We have a saying in our office:
'It's never the rocket science stuff.'
Meaning that it's not the complicated, convoluted, thinky sorts of things that we spend most of our time on, nor are those the sorts of things that cause us the most headaches. We're a code-writing group for the most part, and we do occasionally run into some sort of mondo scary algorithm or brain-melting logic to code. But those are not our biggest problems.
It's not like those things are simple, mind you. I, for one, am not the perkiest pair of nipples in the proverbial porno -- so these sorts of intellect-requiring projects can cause their share of hair-pulling days and fitful, sleepless nights.
(Well, it's either the projects, or those lunch-truck burritos I've been eating. I'm guessing it's a little from column A, and a little from column B.)

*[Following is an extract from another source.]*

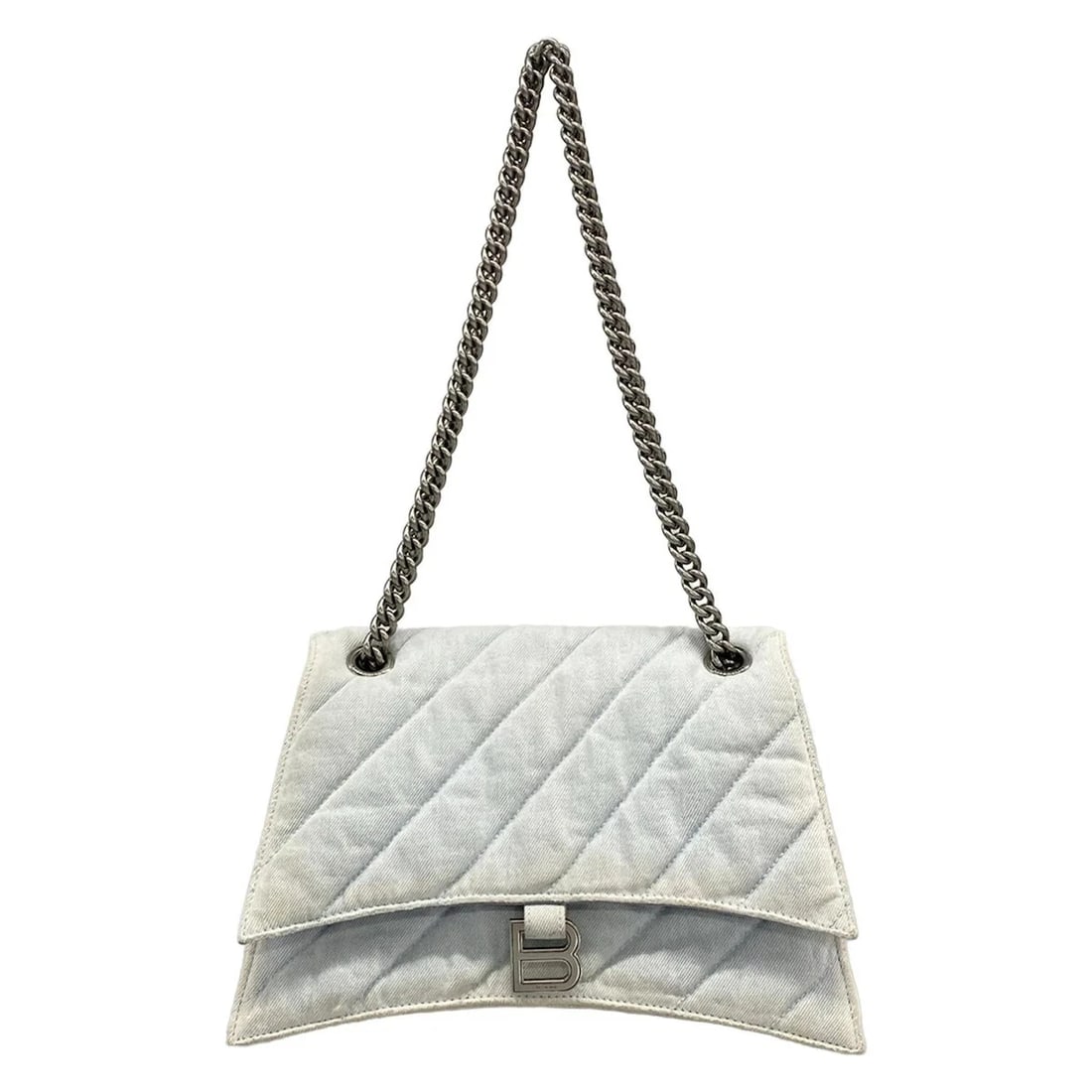 BALENCIAGA CRUSH LIGHT BLUE DENIM WOSHOULDER BAG: BALENCIAGA Crush Light Blue Denim WoShoulder Bag Brand: BALENCIAGA Type: Shoulder Bag Material: Exterior Material Denim Color: Exterior Color Light Blue Size: Height : 7.48 inch (19 cm) - 8.27 inch (2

"I'd be sitting there, doing half the hokey pokey in my driver's seat, while cars piled up behind me waiting for their turn. Is that any way to start a day of being shackled to your cubicle? I think not."

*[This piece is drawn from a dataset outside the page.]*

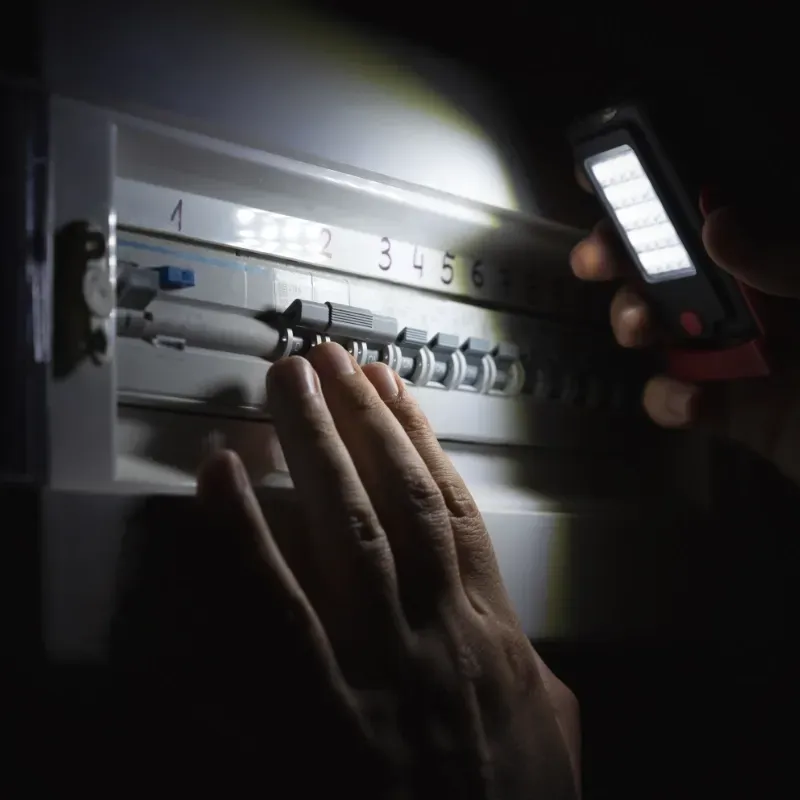 A person is looking at an electrical box with a flashlight.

But for all of the 'hard' work we struggle through, it pales in comparison to the time spent tracking down the 'easy' stuff. Scanning thousands of lines of code for a rogue comma or semicolon. Troubleshooting a system top to bottom -- only to find that someone accidentally kicked the plug on the server. Trying desperately to understand the problem a user is seeing, and later discovering their video card was on the fritz. These are the most common issues -- the piddling little details that grind us to a halt every now and then. It's never the rocket science stuff.

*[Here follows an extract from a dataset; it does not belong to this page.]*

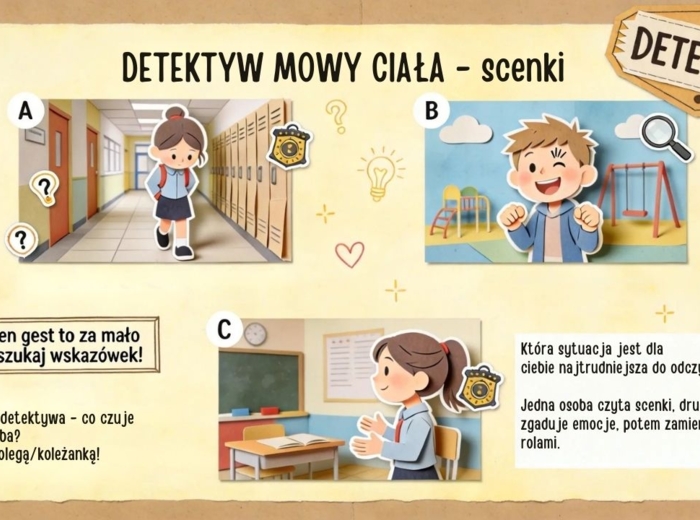 Mowa ciała, Komunikacja niewerbalna - materiały na gazetkę/prezentacje/rewalidację/trening umiejętności społecznych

Why do I bring this up? Because for me -- not the swingingest single at the orgy, remember -- this rule of 'easy stuff hard' seems to extend to my commute to the office, as well.
To be fair, there is some 'hard stuff' involved with driving to work, as well. Unsynchronized stop lights, speed traps, elderly Sunday-driving obstacles -- but I can usually find my way around or through these difficulties. My biggest problem lately has been the card reader at the office garage.
The reader panel is a flat plastic rectangle, about three inches wide by five inches tall. At the upper right corner is a little status light -- the sort of thing that lights green and bleeps reassuringly when you've been scanned properly, or flashes red and bleats at you like an angry goose when there's an error. For months -- months, I say! -- I believed that the 'status light' was also the card reader. Most of the card readers I've ever seen have a little optical dealie like that to recoqnize the card.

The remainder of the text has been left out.